Verbatim copy, pictures excluded: every line from the one with "ULTREZZA CLUB 3 ŠIROKOÚHLÝ ULTREZZA" through the final line of the data below, and no other line.

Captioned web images
= = = = = = =

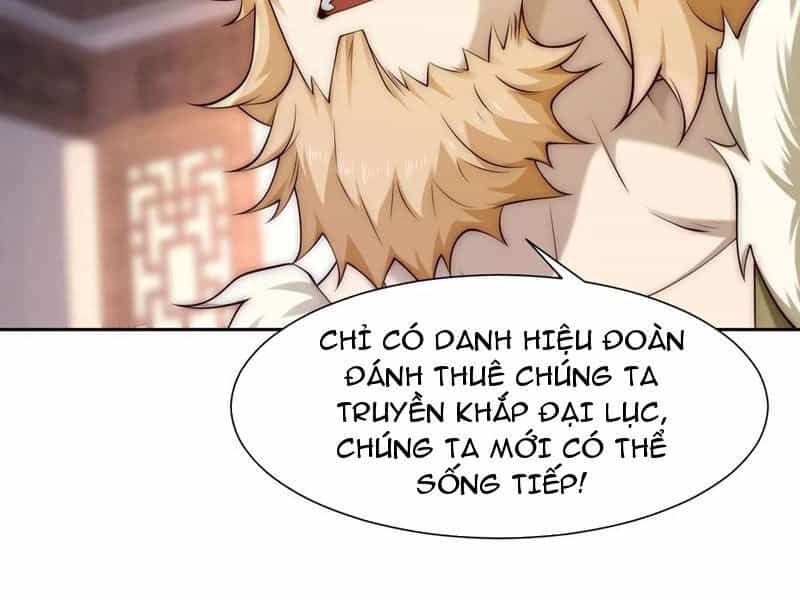 Tân Hỗn Độn Kiếm Thần - Chương 127 - ảnh 42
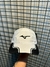 BONE MIZUNO TACTEL BR/PT - comprar online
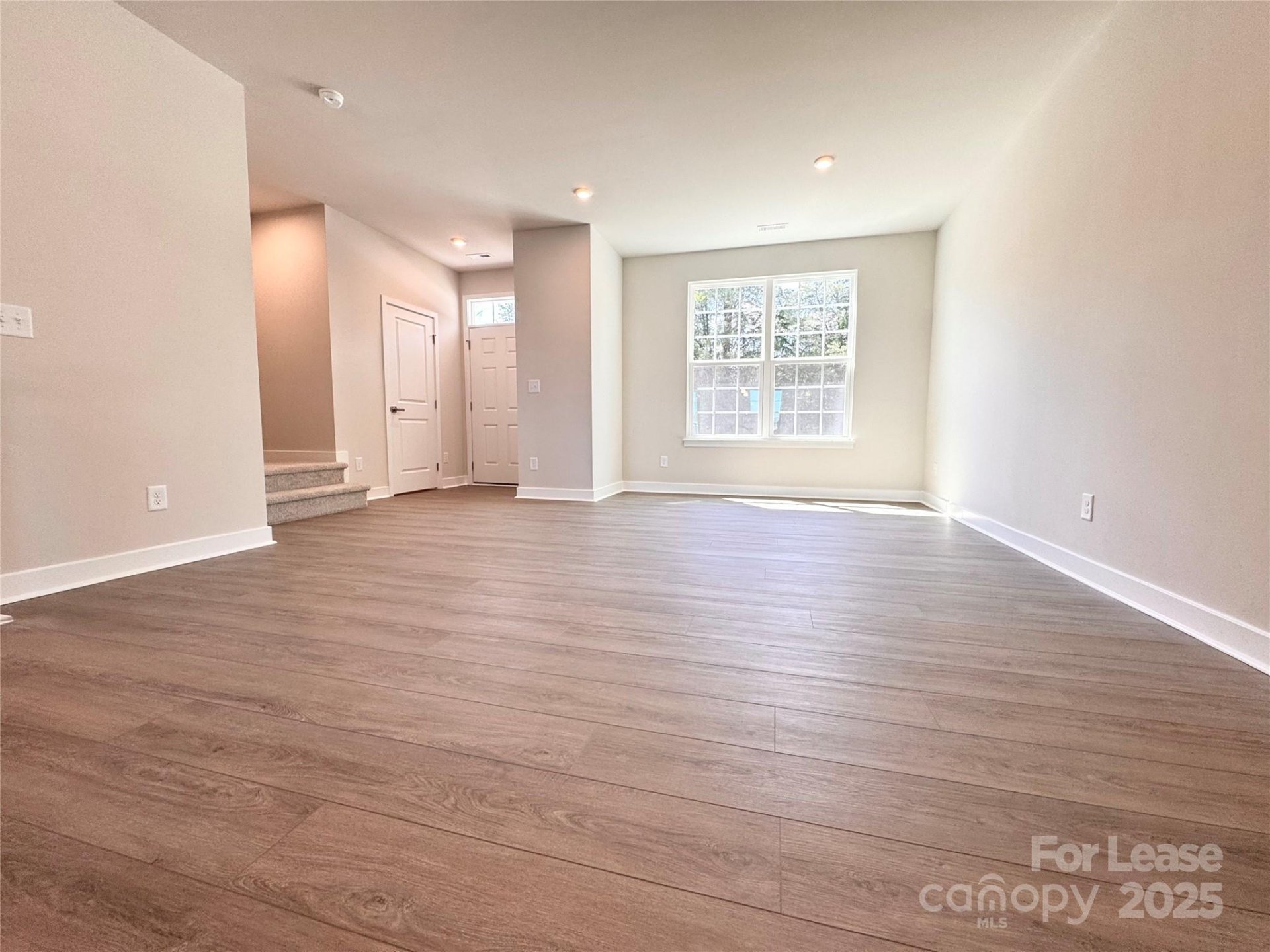Property image 4 at 7631 Griffins Gate Drive, Concord, NC 28025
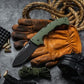 Cold Steel 5 MAX Premium Folding Knife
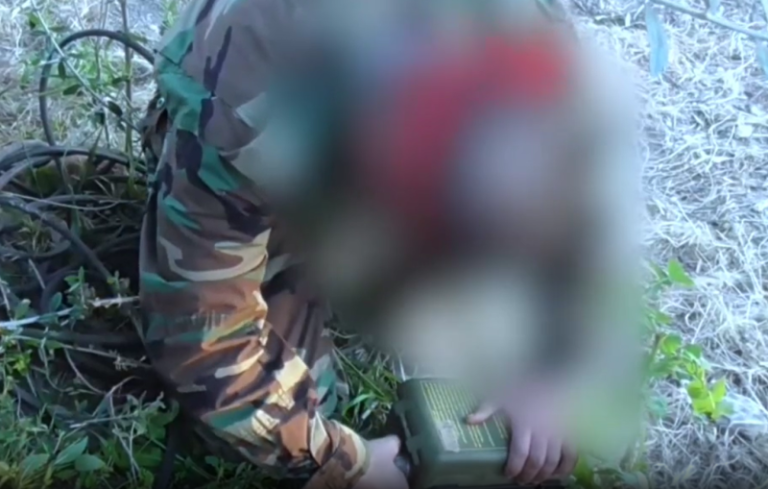 The burning trilogy of the south… Hezbollah strikes in Kafr Tibnit, Majdal Zoun, and Qantara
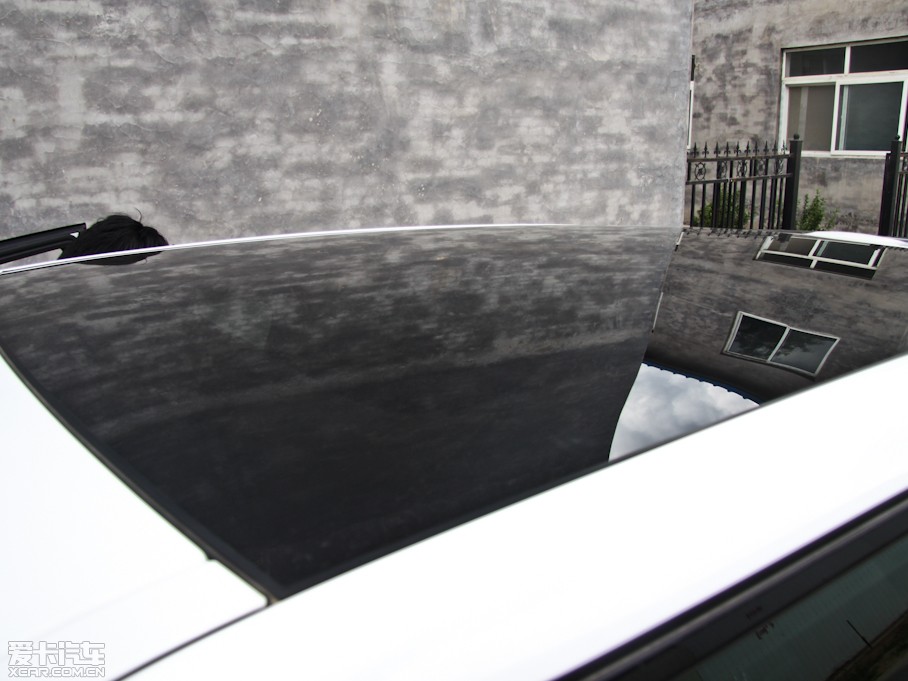 2012��٘O��(�M��) 2.0T 3�Tҫ�Ӱ�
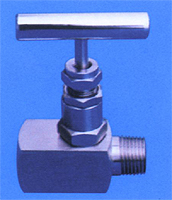 YZF4-4J 1/2/1 W/H �������ƽ�ֹ��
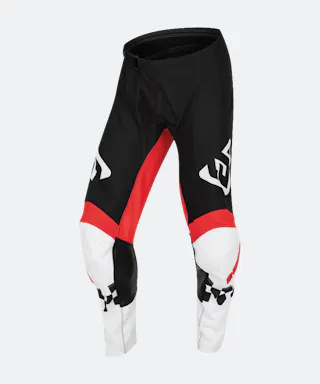 Pantalones de Cross para Niño Answer Racing Arkon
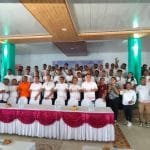 WhatsApp Image 2022 11 02 at 09.14.42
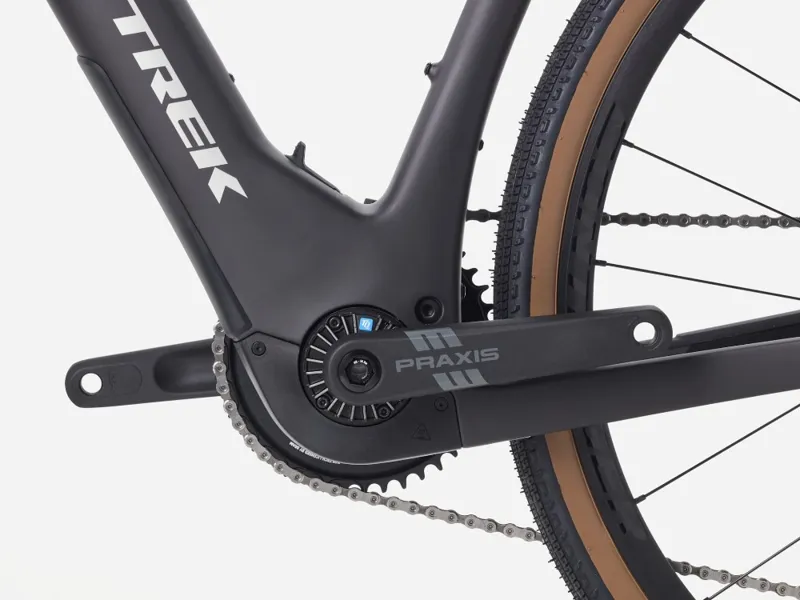 Trek Checkpoint+ SL 5 Bronze Age / Dark Web-3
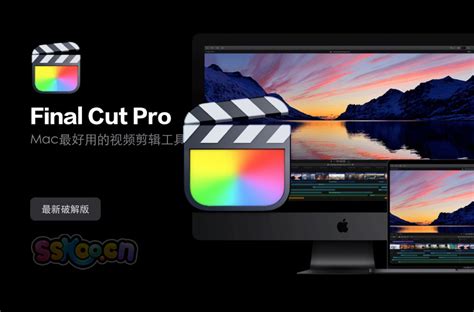 Image result for vscode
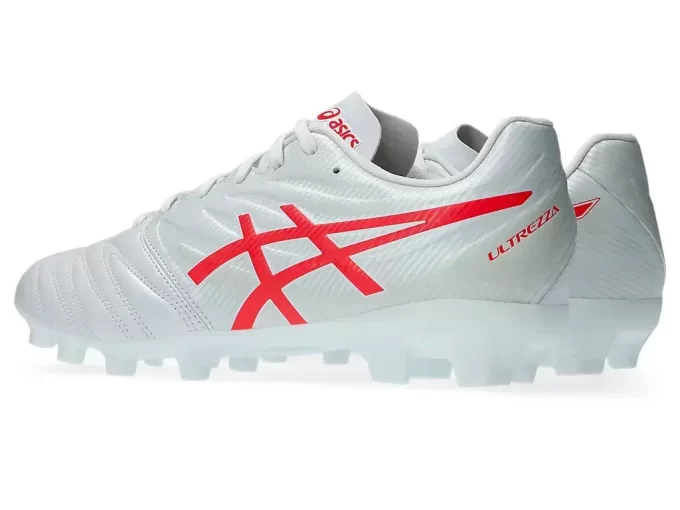 ULTREZZA CLUB 3 ŠIROKOÚHLÝ ULTREZZA CLUB 3 ŠIROKOÚHLÝ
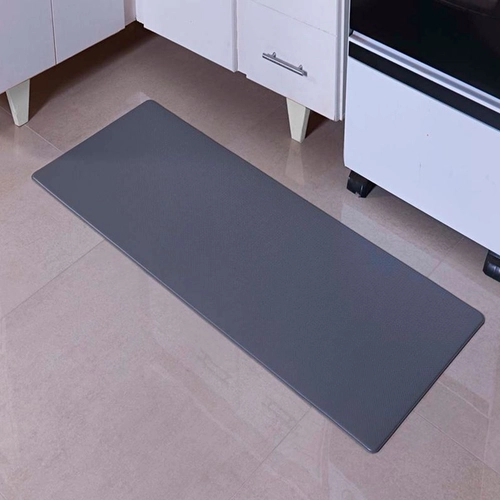 TAPETE COZINHA PREMIER LISO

= = = = = = =

▶ Written answer:
 ULTREZZA CLUB 3 ŠIROKOÚHLÝ ULTREZZA CLUB 3 ŠIROKOÚHLÝ
 TAPETE COZINHA PREMIER LISO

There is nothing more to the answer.